A beleza prossegue na encantadoramente amena "Lila" e no flerte com o climático da desconcertante "Estrela da Manhã" (parceria da banda com a cantora Ná Ozzetti). A influência do axé ressurge na deliciosa "Quero Ir Pra Bahia Com Você", e na faixa seguinte, "No Dia Em Que a Terra Parou", o samba de contrapontos sofisticados pela bossa nova dá as caras numa agradável canção, cujos vocais principais ficam a cargo do Beni. Com seu pop atmosférico, "Três da Tarde" é uma das melhores músicas do registro, que remata, por fim, com "Homem-Rã", que esboça uma ligação com climas bucólicos, em outro dos mais inspirados momentos do trabalho.

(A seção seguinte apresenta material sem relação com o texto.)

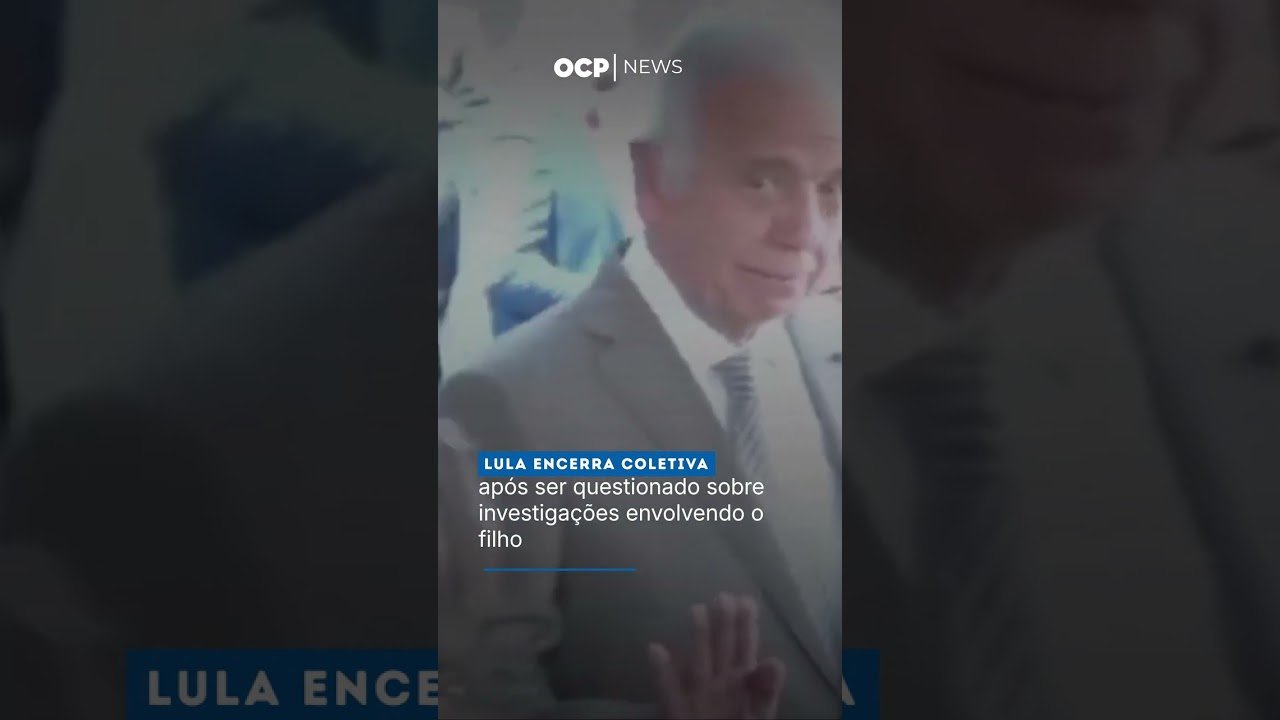 Lula encerra coletiva após ser questionado sobre investigações envolvendo o filho
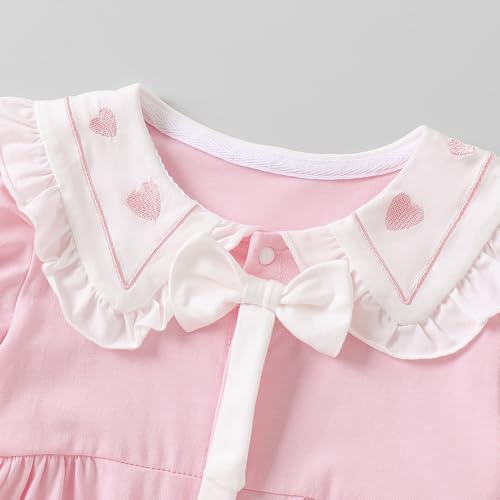 Hopscotch Heart Applique Ruffled Bow Romper (12-18 Months)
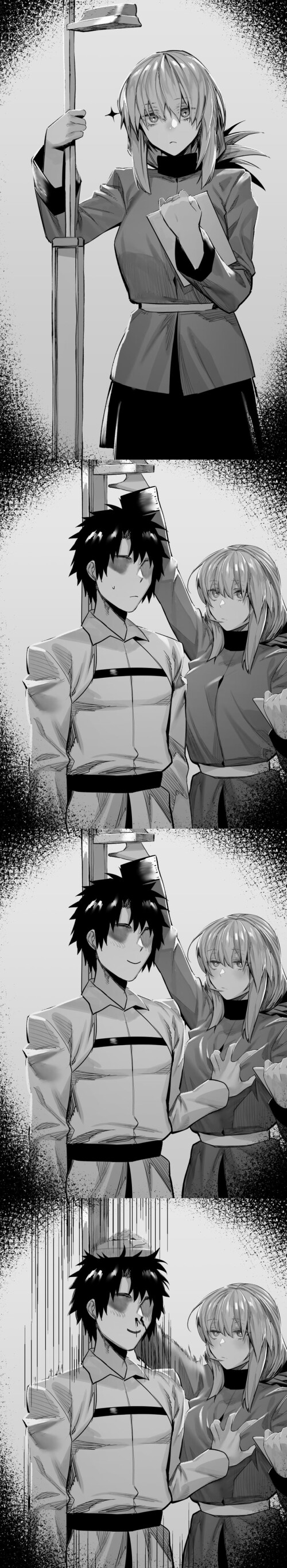  fujimaru ritsuka and florence nightingale fate and 1 more drawn by hxd sample 4b12efb886ad56582b371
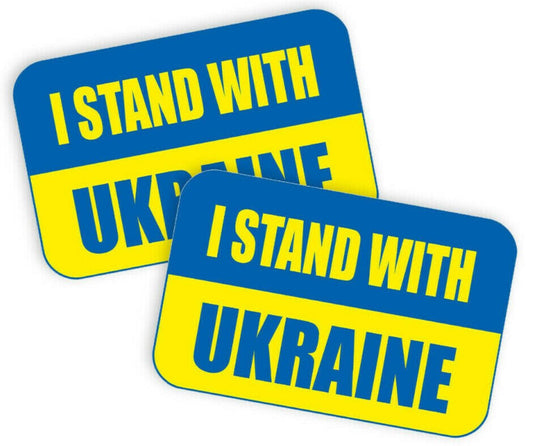 2X I Stand with Ukraine Sticker Flag Decal American Car Truck Decal Window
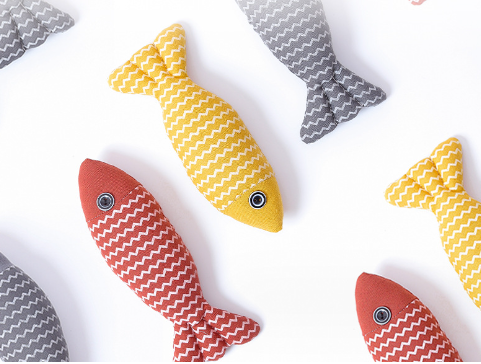 Catnip Infused Fish Toy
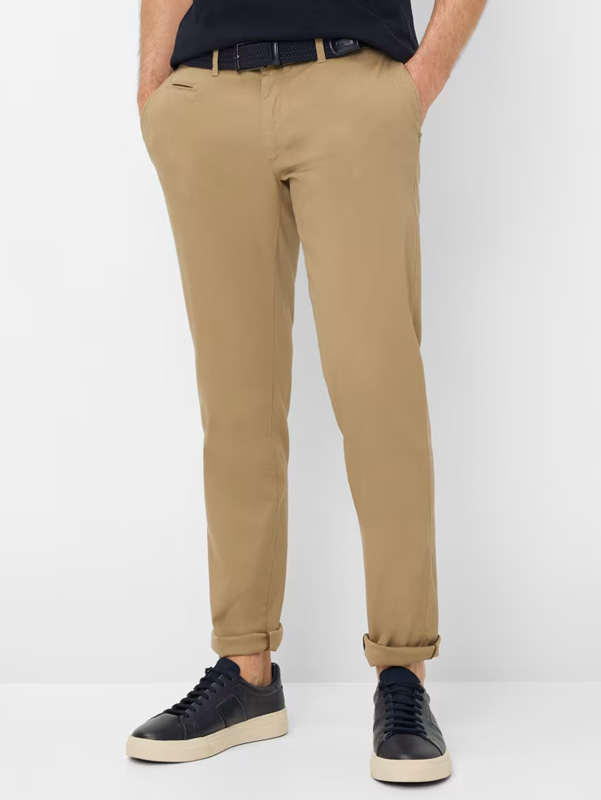 Brax Chino Style Fabio In Regular Fit hellbraun extra lang von BRAX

Importantíssimo frisar a intensa e desconcertante carga de carisma de todas as letras, claramente alinhadas à escola Luiz Galvão de poesia, passando longe do óbvio ao passo que mantêm uma impressionante proximidade do universo cotidiano.

Este é um trabalho de procura, por meio do qual a banda notavelmente buscou explorar ao máximo o seu leque de possibilidades. O resultado é um álbum rico, diverso mesmo. E este é um grupo com um raro senso do belo. É nítido o esforço individual de cada um dos membros no trabalhar de cada sutil pormenor em prol de um coletivo muitíssimo bem-acabado.

Não se pode saber quanta exposição este disco conseguirá, afinal. Mas, o fato é que ele eleva o nível do jogo na música pop brasileira atual. Será interessante assistir o desenrolar do que virá pela frente. E eu estou ansioso.